15 Apr 2015

Unicode and Matlab on the command line

As per the latest Stackoverflow Developer Survey, Matlab is one of the most dreaded tools out there. I run into Matlab-related trouble daily. In all honesty, I have never seen a programming language as user-hostile and as badly designed as this.

So here is today's problem: When run from the command line, Matlab does not render unicode characters (on OSX).

I say "(on OSX)", because on Windows, it does not print a damn thing. Nope, no disp output for Windows users.

More analysis: It's not that Matlab does not render unicode characters at all when run from the command line. Instead, it renders them as 0x1a aka SUB aka substitute character. In other words, it tries to render unicode as ASCII (which doesn't work), and then replaces all non-ASCII characters with SUB. This is actually reasonable if Matlab were running on a machine that can't handle unicode.

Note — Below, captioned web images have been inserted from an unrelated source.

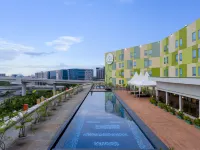 Swiss-Belhotel Airport Jakarta - Rooftop Pools
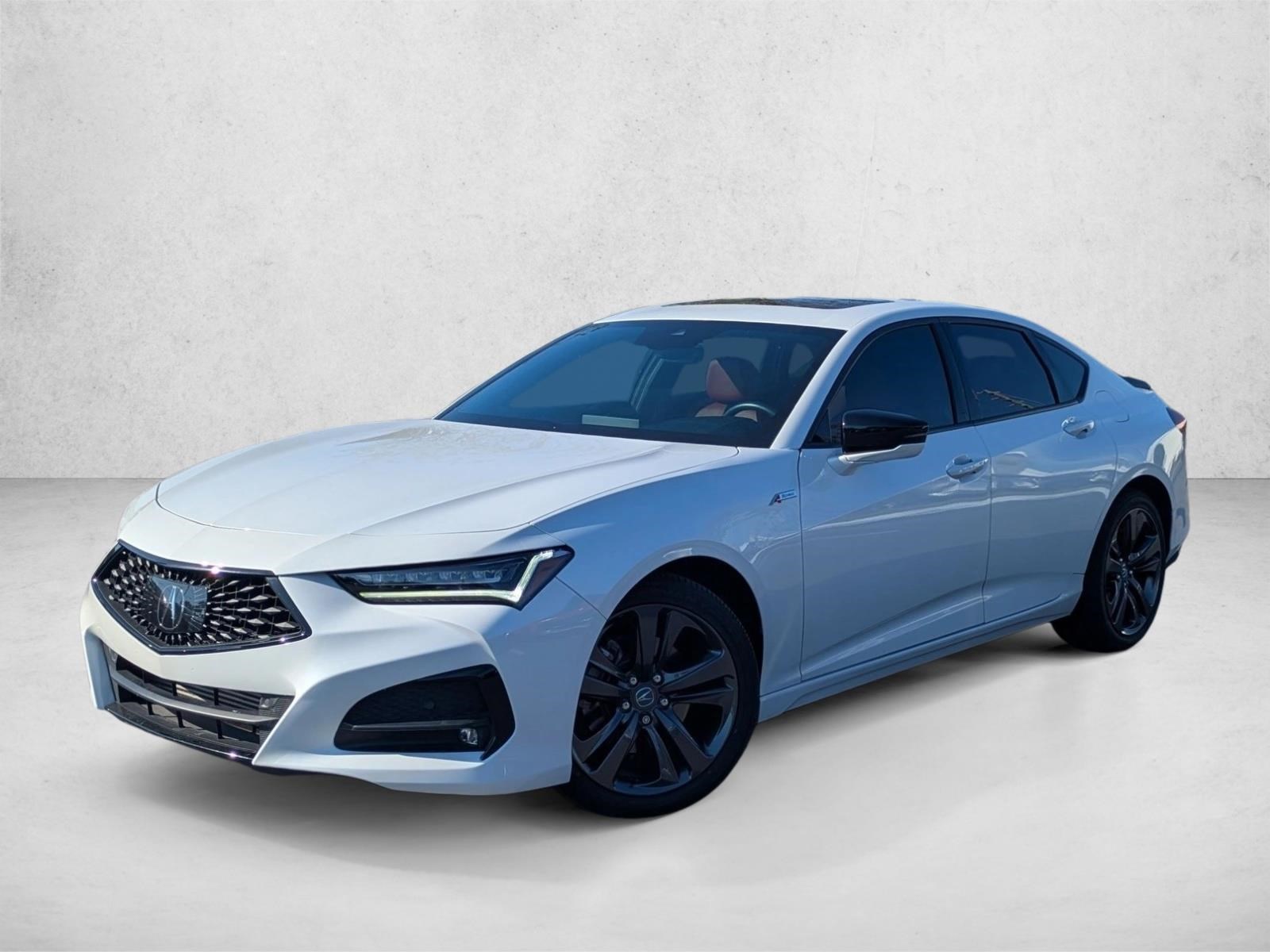 2022 Acura TLX A-SPEC Package's photo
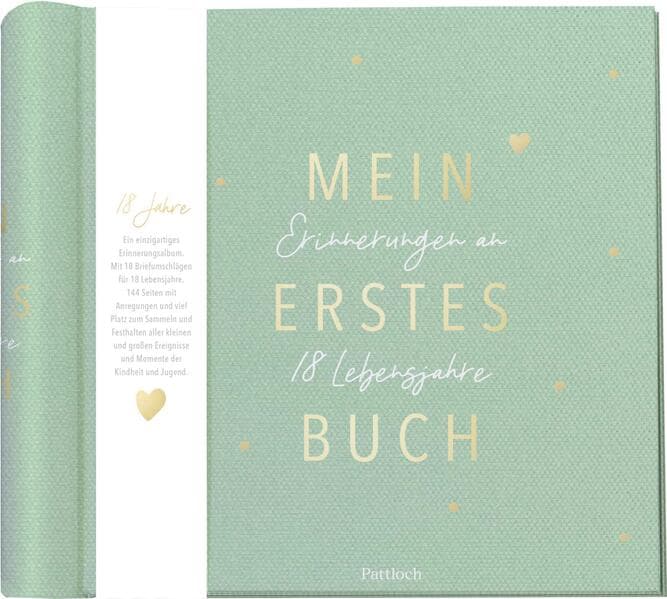 Mein erstes Buch
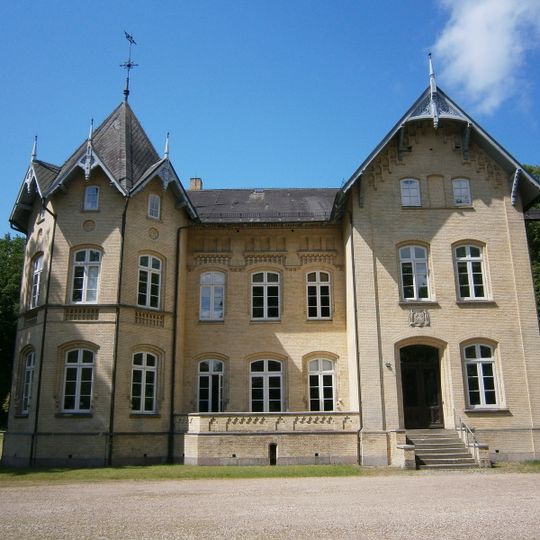 Schloss Annettenhoeh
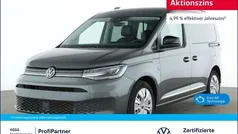 Indiumgrau (metallic) Gebraucht 2022 VW Caddy Style Van / Kleinbus | 33.770 € (Fairer Preis)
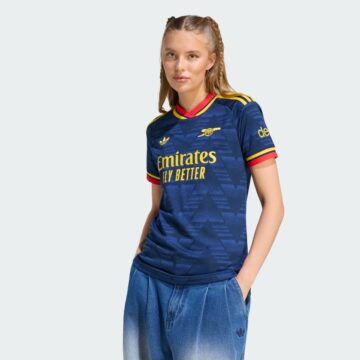Women's Adidas Arsenal FC Away 2026 Jersey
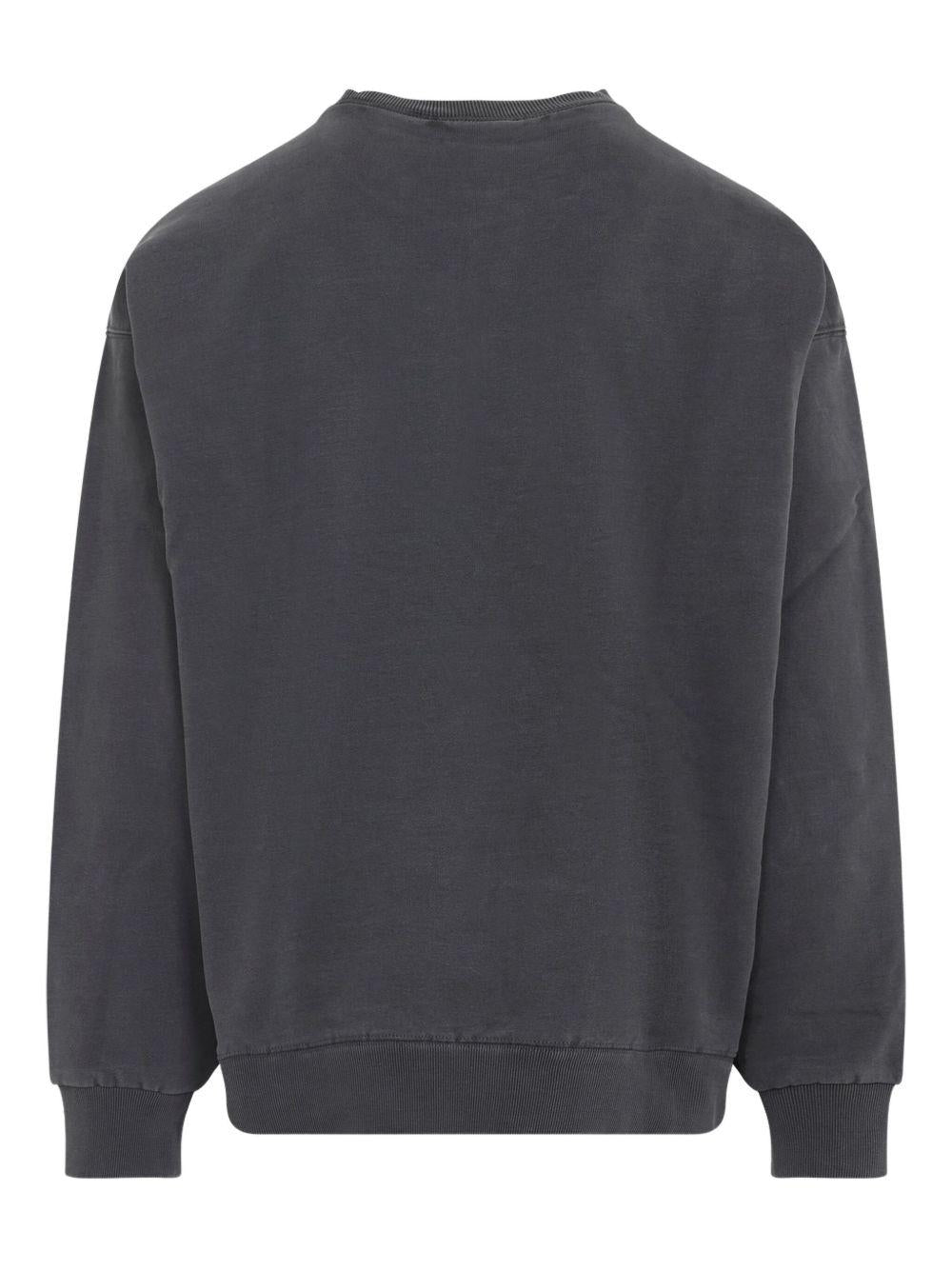 Hooded Vista Sweatshirt I029522 89GD BLACK CARHARTT WIP 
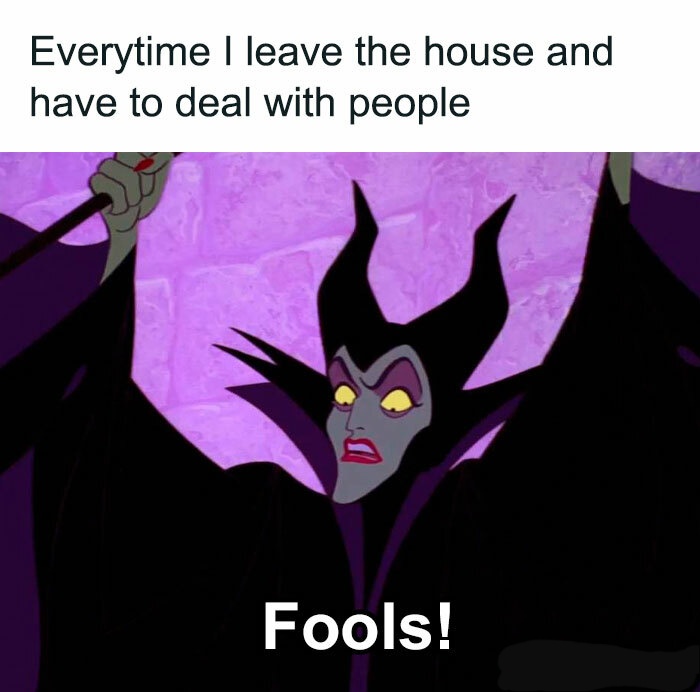 20 Memes That Feel Like Getting Picked Up by a Tornado of Stupidity 5 Everytime I leave the house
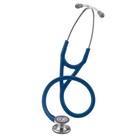 New 3m    Littmann Cardiology Iv 6154  Navy Blue Stethoscope Dual Head 
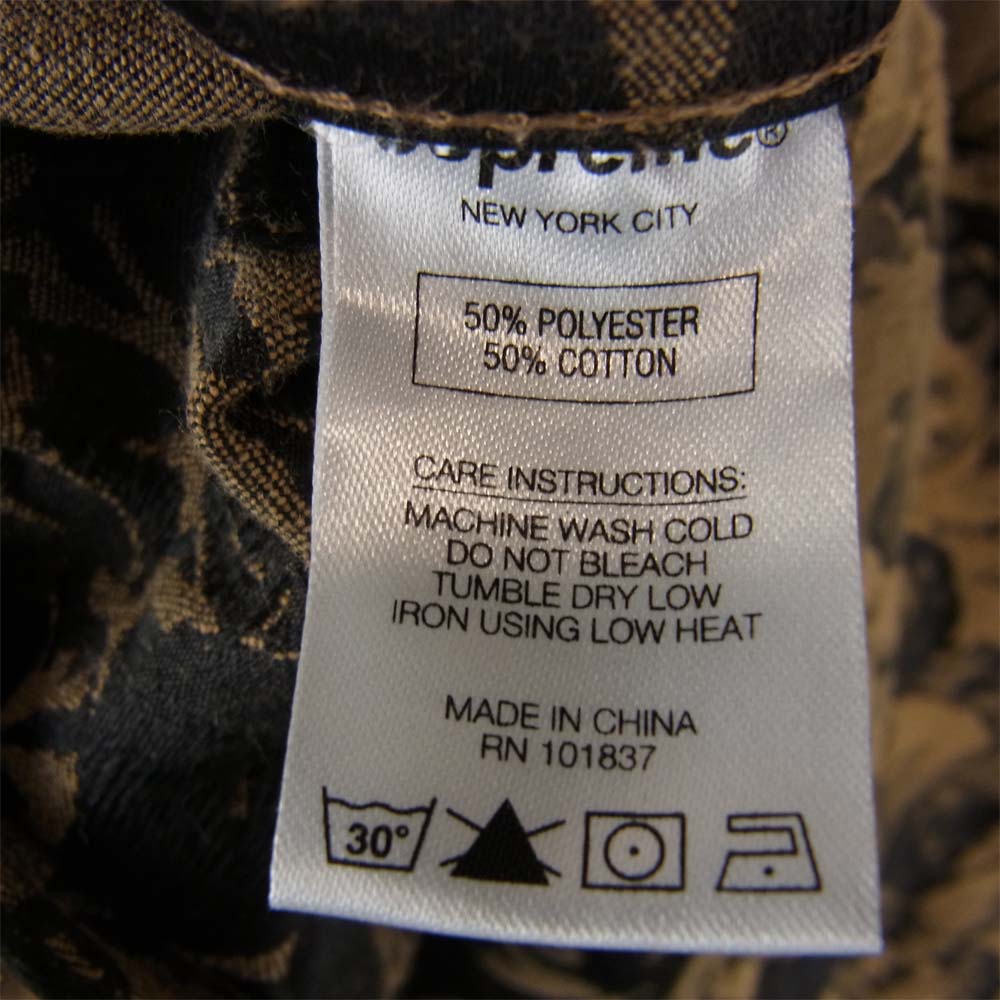 Supreme シュプリーム 16AW Cherub Trucker Jacket ケルビム トラッカー ジャケット マルチカラー系 M【中古】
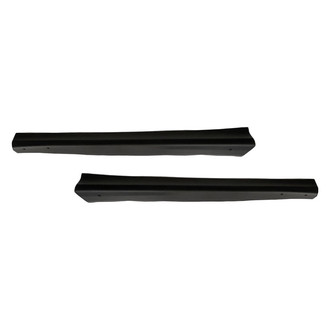 Replacement - Front Driver and Passenger Side Door Molding Set (Standard Line)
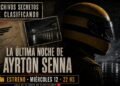 Los archivos secretos de Clasificando: “La última noche de Ayrton Senna”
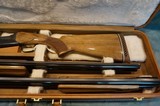 Browning Citori 12ga/20ga 2 barrel combo w/case - 2 of 12
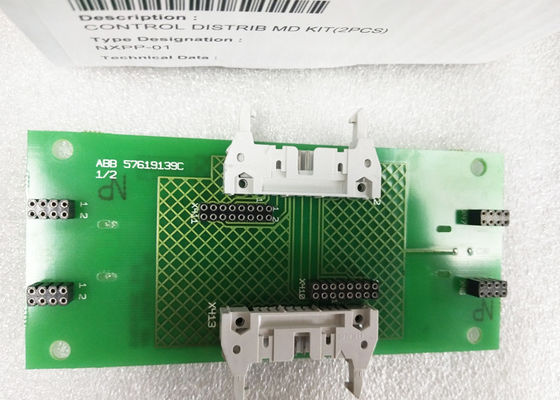 NXPP-01 panneau assorti d'entraînement de convertisseur de fréquence de PLC du panneau 58908096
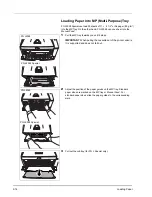 Предварительный просмотр 40 страницы Olivetti PG 2028 SPECIAL Operation Manual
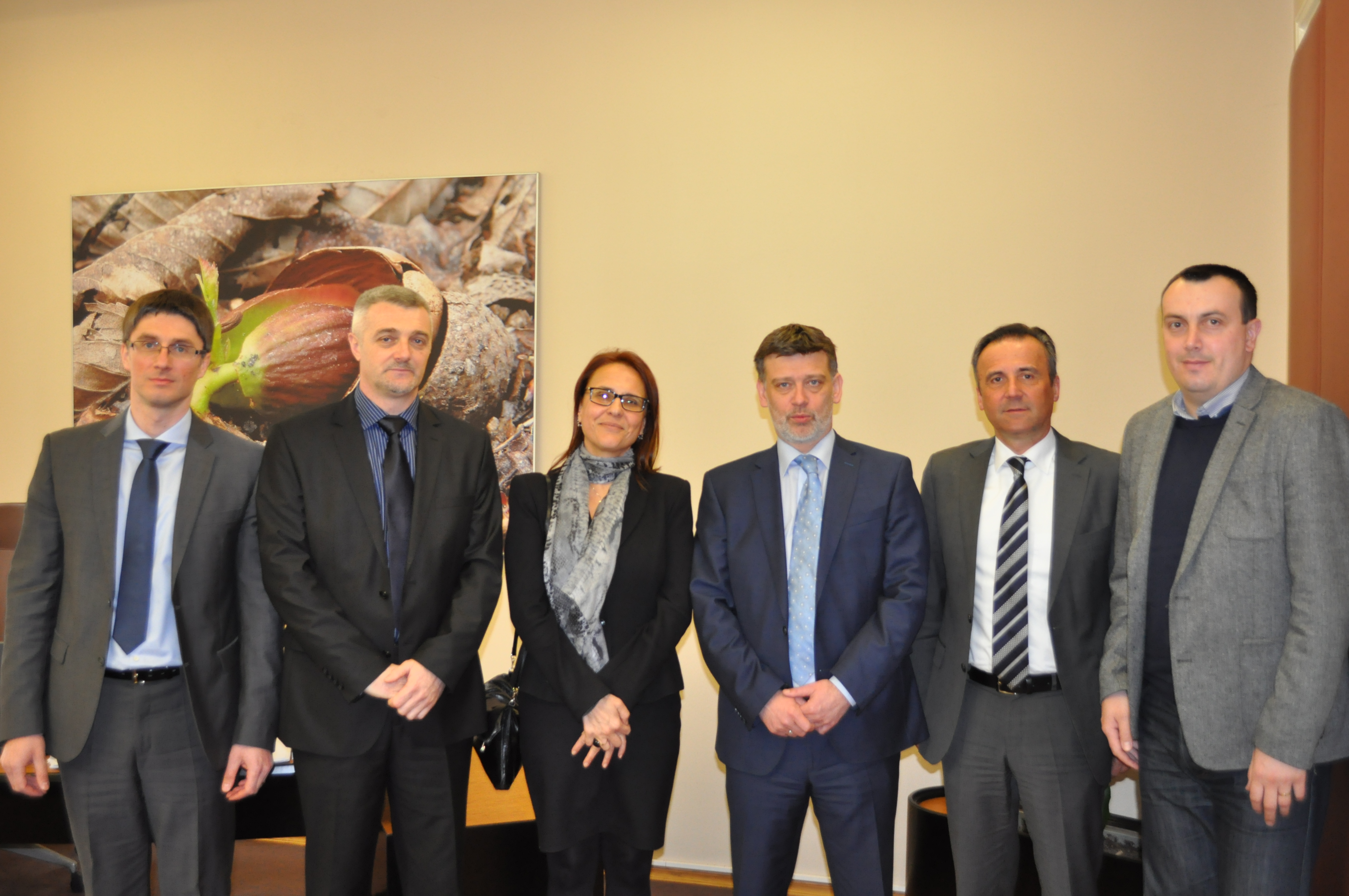 New EU Project Contract Signed – ForestEye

This is not a correct assessment of post-90s Macs, though.

To see why Matlab would do such a dastardly deed, you can use feature('locale') to get information about the encoding Matlab uses. On Windows and OS X, this defaults to either ISO-8859-1 (when your locale is pure de_DE or en_US) or US-ASCII, if it is something impure. In my case, German dates but English text. Because US-ASCII is obviously the most all-encompassing choice for such mixed-languages environments.

But luckily, there is help. Matlab has a widely documented (not) and easily discoverable (not) configuration option to change this: To change Matlab's encoding settings, edit %MATLABROOT%/bin/lcdata.xml, and look for the entry for your locale. For me, this is one of

<locale name="de_DE" encoding="ISO-8859-1" xpg_name="de_DE.ISO8859-1"> ...
<locale name="en_US" encoding="ISO-8859-1" xpg_name="en_US.ISO8859-1"> ...

In order to make Matlab's encoding default to UTF-8, change the entry for your locale to

<locale name="de_DE" encoding="UTF-8" xpg_name="de_DE.UTF-8"> ...
<locale name="en_US" encoding="UTF-8" xpg_name="en_US.UTF-8"> ...

With that, Matlab will print UTF-8 to the terminal.

You still can't type unicode characters to the command prompt, of course. But who would want that anyway, I dare ask. Of course, what with Matlab being basically free, and frequently updated, we can forgive such foibles easily…